In a recent decision by the ICC’s Pre-Trial Chamber I on March 24, 2016, the Court confirmed charges for war crimes for intentionally directing attacks against religious and cultural buildings under Art. 8(2)(e)(iv) in the case of the Prosecutor v. Ahmad Al Faqi Al Mahdi. The defendant is alleged to have committed war crimes in Timbuktu, Mali, between around June 30, 2012 through around July 11, 2012. Already in a press release dated September 26, 2015, the ICC Prosecutor Fatou Bensouda stated that that

Intentional attacks against historic monuments and buildings dedicated to religion are grave crimes. […] No longer should such reprehensible conduct go unpunished. […] Such attacks affect humanity as a whole. We must stand up to the destruction and defacing of our common heritage.

The ICC’s Rome Statute Article 8(2)(e)(iv) defines war crimes as

(e) Other serious violations of the laws and customs applicable in armed conflicts not of an international character, within the established framework of international law, namely any of the following acts: (iv) Intentionally directing attacks against building dedicated to religion, education, art, science or charitable purposes, historic monuments, hospitals and places where the sick and wounded are collected, provided they are not military objectives; […].
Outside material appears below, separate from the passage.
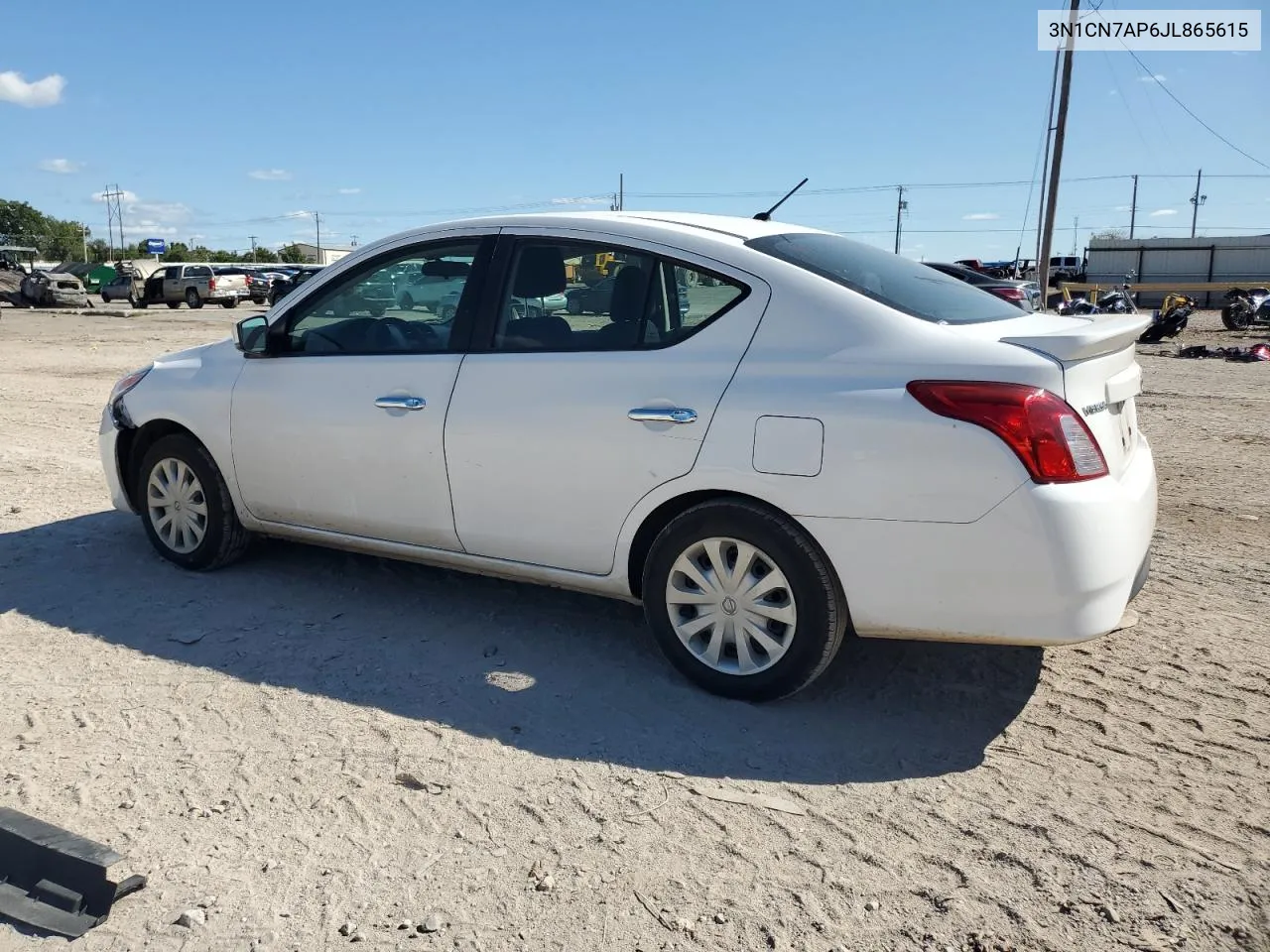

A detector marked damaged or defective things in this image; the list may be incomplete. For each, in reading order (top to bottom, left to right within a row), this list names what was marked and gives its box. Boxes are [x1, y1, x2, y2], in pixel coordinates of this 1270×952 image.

damaged vehicle [18, 270, 89, 307]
The Pre-Trial Chamber I found sufficient evidence to establish substantial grounds to believe that Ahmad Al Faqi Al Mahdi committed the crimes with which he is charged and reasoned, in paragraphs 40-44 of its decision on confirmation of charges, that it is not disputed that the targeted buildings/structures were “dedicated to religion and constituted historic monuments because of their origins and significance, and that none of them constituted a military objective” and that these buildings were “specifically identified, chosen, and targeted by the perpetrators as objects of their attack, precisely in light and because of their religious and historical character.” The Court further reasoned that the article’s prohibition “attaches to the attack per se” regardless of whether the building/structure was or was not destroyed and concluded that the “attacks” within the meaning of the statute also include acts “which did not bring about a complete destruction” of the targeted building or structure.

This reasoning is a step in the right direction when a Court of international stature recognizes the importance of cultural, historical, religious, and national heritage as embodied in buildings and structures and articulates that even a partial destruction will not go unpunished. The Court appears to focus on the reasons that the objects were targeted for their religious and historical importance within the surrounding society, the fact that they did not constitute military objectives, and that their destruction (even partial) was considered very serious by the local populations rather than the level or the intended level of destruction. As such, it would reason that even vandalizing, defacing, or otherwise damaging a building or structure might fall within the statute according to the Court’s interpretation of Art. 8(2)(e)(iv).